Een en ander kan je terug lezen in de Beleidsregels Buitengewoon Opsporingsambtenaar:
3.3. Betrouwbaarheid
Voordat iemand kan worden benoemd tot boa, wordt zijn betrouwbaarheid getoetst. Artikel 17 van het BBO bepaalt dat een persoon als betrouwbaar kan worden aangemerkt indien hij van onbesproken gedrag is.
De betrouwbaarheid wordt periodiek getoetst. Dit is in elk geval iedere vijf jaar bij een aanvraag voor verlenging van de titel van opsporingsbevoegdheid. Het is mogelijk om frequenter te toetsen, of om in incidentele gevallen gericht informatie op te vragen.
Het oordeel over de betrouwbaarheid wordt zowel bij de initiële aanvraag als bij de verlengingsaanvraag in beginsel gebaseerd op de overgelegde Verklaring Omtrent het Gedrag (hierna: VOG). Bij het beoordelen van de betrouwbaarheid op basis van de VOG wordt justitiële en politiële informatie meegenomen. Het Centraal Orgaan Verklaring Omtrent het Gedrag (hierna: COVOG) is belast met de afgifte van de VOG. COVOG beschikt over een specifiek screeningsprofiel voor (buitengewoon) opsporingsambtenaren aan de hand waarvan de screening plaatsvindt. Ter aanvulling op de VOG kan advies worden gevraagd aan de toezichthouder en/of de direct toezichthouder.
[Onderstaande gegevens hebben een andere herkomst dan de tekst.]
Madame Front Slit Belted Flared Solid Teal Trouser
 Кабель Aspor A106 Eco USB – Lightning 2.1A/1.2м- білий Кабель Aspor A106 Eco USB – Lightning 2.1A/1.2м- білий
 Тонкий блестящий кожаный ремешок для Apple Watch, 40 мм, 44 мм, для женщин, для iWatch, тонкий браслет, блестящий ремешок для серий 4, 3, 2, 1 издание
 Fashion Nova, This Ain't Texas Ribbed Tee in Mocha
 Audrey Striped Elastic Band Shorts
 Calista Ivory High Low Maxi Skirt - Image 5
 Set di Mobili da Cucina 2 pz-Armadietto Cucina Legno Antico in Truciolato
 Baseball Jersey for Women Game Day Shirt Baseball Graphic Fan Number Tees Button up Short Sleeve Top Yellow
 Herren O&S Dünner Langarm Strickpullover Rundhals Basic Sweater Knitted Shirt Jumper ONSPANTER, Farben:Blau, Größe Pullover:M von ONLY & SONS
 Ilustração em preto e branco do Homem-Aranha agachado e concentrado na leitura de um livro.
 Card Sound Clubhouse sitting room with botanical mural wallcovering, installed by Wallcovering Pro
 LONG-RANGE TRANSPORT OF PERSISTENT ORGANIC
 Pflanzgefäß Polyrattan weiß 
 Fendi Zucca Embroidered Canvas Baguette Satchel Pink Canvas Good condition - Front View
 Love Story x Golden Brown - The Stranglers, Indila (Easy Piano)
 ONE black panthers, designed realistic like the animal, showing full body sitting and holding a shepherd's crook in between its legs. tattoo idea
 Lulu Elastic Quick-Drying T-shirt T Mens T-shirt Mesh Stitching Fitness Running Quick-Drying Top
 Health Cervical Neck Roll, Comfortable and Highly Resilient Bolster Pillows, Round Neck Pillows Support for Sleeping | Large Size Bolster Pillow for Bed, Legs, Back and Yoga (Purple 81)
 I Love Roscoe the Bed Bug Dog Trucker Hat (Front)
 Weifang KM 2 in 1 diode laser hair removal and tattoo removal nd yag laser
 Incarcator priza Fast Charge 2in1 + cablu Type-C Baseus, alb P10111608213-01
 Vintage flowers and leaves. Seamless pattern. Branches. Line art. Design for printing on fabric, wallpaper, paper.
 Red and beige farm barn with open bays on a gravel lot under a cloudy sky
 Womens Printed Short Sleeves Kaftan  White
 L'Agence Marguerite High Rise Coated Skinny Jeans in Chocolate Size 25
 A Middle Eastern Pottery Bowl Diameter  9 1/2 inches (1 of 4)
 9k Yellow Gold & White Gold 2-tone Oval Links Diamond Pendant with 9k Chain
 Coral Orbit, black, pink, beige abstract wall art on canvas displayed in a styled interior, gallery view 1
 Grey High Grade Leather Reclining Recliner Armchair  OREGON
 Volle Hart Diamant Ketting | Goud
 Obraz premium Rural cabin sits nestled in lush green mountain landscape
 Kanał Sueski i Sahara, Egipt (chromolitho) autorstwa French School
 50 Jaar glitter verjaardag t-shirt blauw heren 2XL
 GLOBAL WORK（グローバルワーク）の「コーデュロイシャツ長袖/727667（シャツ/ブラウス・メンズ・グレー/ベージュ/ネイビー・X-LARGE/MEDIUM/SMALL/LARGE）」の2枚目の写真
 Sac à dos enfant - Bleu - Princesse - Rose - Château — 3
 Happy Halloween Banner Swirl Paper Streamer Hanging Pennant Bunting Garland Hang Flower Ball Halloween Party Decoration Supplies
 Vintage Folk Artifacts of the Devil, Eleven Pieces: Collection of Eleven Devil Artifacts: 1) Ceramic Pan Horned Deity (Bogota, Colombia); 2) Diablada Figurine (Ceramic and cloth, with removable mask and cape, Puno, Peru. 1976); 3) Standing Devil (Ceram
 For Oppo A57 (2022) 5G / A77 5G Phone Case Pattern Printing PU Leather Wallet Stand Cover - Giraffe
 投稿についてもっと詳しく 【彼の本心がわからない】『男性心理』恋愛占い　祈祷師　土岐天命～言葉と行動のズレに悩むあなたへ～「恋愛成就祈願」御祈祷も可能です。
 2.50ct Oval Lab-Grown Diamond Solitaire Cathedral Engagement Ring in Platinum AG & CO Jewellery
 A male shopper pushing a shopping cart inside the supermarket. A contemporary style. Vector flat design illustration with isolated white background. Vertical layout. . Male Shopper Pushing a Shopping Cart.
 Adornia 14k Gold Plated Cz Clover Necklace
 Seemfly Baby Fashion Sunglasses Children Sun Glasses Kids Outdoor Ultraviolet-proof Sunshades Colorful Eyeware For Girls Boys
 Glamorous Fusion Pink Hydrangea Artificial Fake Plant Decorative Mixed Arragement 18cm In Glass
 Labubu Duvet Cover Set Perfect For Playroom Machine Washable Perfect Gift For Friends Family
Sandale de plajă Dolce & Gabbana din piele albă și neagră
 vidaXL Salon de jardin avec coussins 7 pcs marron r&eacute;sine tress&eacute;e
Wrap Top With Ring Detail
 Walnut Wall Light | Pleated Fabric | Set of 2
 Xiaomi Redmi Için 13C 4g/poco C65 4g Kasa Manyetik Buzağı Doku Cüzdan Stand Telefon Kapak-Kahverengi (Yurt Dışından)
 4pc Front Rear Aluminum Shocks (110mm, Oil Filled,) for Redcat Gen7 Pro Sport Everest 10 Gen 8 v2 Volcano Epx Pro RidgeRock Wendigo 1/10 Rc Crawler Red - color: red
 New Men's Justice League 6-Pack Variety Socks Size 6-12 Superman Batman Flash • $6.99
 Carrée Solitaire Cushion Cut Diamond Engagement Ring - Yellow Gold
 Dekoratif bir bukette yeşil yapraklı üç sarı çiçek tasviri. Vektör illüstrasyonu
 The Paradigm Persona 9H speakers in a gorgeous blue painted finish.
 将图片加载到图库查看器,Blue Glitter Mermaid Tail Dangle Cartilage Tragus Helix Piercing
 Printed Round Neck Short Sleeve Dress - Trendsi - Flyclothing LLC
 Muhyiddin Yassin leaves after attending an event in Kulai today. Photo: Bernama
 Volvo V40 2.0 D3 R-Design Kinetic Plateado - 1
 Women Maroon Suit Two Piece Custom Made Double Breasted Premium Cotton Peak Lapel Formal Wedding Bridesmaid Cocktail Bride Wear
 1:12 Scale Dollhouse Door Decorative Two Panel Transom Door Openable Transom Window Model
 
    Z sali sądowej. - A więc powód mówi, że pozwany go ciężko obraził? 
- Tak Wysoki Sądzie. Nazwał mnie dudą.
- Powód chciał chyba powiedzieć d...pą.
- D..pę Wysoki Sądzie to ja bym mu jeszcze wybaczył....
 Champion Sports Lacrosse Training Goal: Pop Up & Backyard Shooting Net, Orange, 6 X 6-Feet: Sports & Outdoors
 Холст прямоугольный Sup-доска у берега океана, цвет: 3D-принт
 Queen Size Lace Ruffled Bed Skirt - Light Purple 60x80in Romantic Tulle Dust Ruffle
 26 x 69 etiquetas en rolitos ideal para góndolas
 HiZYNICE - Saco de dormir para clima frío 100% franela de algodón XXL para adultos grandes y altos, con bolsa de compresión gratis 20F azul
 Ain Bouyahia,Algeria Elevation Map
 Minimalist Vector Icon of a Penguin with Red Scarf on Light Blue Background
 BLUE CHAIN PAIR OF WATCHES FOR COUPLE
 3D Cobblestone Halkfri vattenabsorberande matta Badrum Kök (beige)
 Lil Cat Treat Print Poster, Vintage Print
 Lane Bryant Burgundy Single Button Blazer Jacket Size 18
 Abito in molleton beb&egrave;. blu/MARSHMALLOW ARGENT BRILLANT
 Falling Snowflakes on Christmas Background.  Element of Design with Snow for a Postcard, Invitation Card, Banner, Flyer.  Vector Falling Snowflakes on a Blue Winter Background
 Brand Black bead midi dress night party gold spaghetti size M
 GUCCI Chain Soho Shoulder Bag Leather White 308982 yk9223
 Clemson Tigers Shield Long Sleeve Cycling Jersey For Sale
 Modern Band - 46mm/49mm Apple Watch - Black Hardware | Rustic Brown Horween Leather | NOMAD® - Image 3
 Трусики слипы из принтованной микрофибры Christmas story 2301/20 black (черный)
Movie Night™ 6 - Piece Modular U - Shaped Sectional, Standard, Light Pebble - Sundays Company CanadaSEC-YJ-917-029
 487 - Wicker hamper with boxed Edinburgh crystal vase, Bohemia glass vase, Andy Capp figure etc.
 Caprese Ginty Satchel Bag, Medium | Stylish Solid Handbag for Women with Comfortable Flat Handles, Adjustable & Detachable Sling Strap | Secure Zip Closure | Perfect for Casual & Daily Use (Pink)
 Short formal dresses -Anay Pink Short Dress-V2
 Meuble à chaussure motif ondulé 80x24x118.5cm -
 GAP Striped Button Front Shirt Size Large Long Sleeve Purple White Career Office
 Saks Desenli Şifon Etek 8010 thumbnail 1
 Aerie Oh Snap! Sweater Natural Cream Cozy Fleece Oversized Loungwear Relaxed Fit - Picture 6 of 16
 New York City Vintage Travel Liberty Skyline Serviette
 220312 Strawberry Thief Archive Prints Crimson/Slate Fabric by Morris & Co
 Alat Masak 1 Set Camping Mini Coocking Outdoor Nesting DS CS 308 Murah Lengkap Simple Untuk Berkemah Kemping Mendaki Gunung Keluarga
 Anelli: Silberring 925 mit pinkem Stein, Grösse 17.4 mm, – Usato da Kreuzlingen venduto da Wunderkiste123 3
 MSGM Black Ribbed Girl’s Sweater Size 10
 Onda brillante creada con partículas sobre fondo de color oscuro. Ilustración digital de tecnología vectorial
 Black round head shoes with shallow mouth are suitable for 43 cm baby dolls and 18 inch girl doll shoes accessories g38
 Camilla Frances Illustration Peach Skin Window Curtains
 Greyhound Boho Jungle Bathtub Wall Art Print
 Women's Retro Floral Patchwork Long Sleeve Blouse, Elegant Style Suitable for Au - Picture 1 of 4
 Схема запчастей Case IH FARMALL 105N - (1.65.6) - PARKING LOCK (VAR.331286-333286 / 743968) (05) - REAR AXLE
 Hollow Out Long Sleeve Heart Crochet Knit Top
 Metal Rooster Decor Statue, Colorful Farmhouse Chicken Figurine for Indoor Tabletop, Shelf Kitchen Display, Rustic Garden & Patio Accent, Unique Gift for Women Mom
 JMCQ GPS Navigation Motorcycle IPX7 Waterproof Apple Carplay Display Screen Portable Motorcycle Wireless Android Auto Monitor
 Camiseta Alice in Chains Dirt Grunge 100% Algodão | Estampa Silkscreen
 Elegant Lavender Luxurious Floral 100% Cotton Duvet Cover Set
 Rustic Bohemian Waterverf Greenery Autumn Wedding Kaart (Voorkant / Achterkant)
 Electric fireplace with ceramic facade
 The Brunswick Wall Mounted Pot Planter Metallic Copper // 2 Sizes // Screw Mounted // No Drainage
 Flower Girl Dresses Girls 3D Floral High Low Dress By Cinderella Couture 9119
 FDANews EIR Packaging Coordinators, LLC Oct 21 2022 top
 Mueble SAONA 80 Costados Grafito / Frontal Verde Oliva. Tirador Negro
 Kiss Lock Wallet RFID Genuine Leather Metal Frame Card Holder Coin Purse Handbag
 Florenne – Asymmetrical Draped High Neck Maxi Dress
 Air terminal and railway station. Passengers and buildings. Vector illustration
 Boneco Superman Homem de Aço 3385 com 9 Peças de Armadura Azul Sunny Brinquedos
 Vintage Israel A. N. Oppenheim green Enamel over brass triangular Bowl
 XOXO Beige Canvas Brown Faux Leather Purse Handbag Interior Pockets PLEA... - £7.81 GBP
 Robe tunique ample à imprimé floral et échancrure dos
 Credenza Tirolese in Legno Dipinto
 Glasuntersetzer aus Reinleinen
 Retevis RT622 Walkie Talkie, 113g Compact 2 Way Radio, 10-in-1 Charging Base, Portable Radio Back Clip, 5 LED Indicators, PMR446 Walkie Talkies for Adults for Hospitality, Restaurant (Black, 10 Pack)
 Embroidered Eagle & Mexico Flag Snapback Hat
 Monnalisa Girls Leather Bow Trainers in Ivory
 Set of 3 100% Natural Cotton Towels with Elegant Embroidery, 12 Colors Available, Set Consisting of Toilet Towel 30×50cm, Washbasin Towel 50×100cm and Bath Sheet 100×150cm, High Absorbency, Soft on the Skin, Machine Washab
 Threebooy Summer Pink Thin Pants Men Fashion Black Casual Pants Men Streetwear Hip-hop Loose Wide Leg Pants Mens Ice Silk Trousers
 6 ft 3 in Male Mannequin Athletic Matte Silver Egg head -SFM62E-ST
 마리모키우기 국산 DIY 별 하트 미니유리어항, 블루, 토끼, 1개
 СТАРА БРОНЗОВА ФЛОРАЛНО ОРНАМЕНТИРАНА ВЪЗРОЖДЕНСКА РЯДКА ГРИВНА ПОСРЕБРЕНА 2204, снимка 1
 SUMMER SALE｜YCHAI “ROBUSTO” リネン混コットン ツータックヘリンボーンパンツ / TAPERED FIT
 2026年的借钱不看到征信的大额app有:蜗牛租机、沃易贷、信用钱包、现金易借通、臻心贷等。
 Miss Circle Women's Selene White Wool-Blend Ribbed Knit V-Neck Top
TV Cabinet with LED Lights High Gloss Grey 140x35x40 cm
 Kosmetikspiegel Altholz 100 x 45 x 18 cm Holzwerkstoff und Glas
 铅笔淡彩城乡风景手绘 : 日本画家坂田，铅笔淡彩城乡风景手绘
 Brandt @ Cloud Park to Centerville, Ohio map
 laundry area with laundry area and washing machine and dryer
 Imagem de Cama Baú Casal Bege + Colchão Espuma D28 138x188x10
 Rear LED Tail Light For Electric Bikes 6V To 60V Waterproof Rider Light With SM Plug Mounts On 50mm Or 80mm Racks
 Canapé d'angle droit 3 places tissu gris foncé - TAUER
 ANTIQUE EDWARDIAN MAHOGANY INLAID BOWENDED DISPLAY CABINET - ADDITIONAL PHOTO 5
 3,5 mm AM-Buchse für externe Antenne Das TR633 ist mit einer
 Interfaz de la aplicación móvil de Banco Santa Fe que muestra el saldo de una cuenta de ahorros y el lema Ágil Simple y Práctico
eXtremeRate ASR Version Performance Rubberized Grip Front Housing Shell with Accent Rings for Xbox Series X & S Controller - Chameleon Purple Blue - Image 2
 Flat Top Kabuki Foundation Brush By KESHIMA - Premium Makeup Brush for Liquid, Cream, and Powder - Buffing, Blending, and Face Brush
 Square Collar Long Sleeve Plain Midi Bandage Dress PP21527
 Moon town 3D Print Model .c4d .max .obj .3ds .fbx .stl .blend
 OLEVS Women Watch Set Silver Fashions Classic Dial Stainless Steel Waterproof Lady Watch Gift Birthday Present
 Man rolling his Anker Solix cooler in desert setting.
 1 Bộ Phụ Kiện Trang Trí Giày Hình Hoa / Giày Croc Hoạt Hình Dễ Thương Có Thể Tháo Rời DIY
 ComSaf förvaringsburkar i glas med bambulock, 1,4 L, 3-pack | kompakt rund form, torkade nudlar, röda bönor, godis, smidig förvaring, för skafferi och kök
Het uiteindelijke oordeel over de betrouwbaarheid van de boa baseert de Minister van Veiligheid en Justitie op de overgelegde VOG en, indien van toepassing, op eventuele aanvullende politiële informatie.
Als je vervolgens gaat kijken naar de regels voor een VOG: in principe 4 jaar, maar voor de functie van BOA 10 jaar
bron.
De recente aanhouding voor een APV-feit kan dus wel degelijk een probleem vormen. Je kan wel zelf een VOG aanvragen op eigen kosten. Als je deze verkrijgt kan je veilig de opleiding starten. Krijg je deze niet, dan moet je nog een paar jaar wachten.